■ Provided information:
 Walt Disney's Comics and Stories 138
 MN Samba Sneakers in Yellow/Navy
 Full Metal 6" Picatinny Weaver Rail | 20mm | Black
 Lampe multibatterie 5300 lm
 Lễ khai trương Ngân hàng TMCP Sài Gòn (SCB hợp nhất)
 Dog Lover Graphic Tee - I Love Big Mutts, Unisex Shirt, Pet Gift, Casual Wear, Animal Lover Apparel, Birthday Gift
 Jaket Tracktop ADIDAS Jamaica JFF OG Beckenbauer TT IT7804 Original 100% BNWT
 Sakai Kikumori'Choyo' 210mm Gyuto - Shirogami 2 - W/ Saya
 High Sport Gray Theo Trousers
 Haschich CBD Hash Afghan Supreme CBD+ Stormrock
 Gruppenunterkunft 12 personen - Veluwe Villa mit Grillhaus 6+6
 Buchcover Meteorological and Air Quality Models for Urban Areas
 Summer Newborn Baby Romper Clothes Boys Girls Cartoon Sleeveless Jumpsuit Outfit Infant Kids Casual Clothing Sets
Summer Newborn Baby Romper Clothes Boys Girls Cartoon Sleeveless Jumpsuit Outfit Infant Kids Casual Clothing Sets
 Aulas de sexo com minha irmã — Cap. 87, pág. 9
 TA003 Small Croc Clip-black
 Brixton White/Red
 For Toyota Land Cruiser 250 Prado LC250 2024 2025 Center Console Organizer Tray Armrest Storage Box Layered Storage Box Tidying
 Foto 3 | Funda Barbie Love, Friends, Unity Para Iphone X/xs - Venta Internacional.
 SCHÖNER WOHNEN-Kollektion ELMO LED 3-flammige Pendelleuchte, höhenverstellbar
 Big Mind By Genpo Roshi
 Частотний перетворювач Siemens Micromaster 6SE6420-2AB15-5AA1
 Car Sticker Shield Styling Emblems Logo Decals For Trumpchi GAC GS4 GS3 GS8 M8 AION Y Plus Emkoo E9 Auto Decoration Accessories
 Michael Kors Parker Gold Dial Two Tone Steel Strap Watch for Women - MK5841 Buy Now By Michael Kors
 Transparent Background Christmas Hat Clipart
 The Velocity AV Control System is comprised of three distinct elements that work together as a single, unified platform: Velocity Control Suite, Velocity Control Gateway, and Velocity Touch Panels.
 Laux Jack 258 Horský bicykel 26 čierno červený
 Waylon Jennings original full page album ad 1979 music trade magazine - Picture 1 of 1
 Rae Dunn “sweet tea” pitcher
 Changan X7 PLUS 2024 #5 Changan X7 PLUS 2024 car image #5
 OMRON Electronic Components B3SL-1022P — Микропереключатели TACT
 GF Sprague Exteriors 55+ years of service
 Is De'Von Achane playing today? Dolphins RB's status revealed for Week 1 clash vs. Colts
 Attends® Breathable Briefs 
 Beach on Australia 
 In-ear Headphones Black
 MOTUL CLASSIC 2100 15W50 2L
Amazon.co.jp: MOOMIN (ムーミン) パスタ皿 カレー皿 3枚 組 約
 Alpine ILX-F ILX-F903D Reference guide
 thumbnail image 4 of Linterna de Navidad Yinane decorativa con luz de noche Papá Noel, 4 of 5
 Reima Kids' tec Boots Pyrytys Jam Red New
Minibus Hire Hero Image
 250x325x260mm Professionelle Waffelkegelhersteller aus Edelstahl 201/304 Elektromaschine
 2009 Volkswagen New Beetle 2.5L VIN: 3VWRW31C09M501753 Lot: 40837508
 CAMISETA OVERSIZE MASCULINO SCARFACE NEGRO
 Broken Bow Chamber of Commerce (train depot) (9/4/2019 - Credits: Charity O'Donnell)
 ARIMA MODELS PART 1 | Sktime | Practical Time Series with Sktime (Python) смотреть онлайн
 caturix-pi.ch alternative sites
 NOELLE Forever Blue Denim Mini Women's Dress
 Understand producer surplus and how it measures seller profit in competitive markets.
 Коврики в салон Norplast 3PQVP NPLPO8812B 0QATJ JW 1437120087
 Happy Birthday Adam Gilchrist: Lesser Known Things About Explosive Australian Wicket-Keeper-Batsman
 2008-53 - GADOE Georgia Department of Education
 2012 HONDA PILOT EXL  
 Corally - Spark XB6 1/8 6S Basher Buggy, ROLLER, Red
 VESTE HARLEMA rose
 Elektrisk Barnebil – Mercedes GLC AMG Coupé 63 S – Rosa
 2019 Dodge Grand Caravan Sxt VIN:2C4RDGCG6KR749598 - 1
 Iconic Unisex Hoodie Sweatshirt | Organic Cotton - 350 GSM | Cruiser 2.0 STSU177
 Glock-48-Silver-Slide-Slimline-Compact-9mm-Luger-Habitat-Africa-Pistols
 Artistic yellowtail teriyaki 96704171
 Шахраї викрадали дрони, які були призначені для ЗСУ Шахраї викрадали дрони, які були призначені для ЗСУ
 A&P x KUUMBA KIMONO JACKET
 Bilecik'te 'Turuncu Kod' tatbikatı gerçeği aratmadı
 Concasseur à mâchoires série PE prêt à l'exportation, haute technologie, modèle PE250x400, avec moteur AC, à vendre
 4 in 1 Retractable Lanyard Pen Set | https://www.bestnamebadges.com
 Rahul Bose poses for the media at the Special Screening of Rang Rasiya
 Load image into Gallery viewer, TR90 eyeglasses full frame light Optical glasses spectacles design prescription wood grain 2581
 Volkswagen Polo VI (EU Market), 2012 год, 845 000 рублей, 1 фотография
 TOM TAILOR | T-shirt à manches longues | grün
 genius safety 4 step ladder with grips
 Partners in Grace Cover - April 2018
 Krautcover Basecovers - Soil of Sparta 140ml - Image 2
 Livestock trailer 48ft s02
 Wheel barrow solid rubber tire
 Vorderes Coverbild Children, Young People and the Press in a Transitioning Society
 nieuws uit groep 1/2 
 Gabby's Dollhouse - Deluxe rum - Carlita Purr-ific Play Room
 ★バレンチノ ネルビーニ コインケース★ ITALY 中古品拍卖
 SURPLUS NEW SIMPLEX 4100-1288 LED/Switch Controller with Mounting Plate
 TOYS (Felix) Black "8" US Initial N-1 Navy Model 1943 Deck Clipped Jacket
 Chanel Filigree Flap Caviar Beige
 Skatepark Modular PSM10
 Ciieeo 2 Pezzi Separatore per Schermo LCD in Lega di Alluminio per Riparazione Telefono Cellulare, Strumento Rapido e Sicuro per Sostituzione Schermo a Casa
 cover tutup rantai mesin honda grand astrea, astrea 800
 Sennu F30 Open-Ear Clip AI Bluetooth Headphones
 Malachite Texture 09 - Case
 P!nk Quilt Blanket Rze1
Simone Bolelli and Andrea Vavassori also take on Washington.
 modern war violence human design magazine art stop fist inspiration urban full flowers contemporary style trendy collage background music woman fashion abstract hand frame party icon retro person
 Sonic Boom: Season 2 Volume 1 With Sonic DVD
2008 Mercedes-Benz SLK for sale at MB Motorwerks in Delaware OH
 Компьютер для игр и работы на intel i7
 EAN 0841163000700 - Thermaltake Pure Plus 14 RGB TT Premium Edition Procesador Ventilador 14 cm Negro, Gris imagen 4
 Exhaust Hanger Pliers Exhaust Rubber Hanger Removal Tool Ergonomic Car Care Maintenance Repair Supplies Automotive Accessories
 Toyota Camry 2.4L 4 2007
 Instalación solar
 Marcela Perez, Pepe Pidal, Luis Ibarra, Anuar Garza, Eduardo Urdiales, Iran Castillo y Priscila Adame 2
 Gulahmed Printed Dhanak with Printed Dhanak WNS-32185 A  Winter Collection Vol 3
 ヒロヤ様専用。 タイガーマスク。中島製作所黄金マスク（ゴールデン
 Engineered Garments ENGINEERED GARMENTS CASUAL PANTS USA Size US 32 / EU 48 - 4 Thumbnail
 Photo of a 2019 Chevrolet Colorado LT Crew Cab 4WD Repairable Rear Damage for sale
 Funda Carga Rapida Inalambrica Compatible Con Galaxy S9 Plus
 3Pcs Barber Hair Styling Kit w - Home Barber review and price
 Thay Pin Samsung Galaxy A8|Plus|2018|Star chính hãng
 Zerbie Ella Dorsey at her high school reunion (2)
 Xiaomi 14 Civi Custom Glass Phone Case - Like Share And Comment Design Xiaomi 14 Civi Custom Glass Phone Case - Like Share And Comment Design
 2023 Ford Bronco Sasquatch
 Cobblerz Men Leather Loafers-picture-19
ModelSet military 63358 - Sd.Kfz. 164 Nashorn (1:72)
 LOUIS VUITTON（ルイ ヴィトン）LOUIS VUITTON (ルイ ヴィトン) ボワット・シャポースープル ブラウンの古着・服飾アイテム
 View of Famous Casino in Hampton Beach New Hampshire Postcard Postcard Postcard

■ Exercise: Copy every line from the data that includes the string "Volkswagen".

■ Worked solution:
 2009 Volkswagen New Beetle 2.5L VIN: 3VWRW31C09M501753 Lot: 40837508
 Volkswagen Polo VI (EU Market), 2012 год, 845 000 рублей, 1 фотография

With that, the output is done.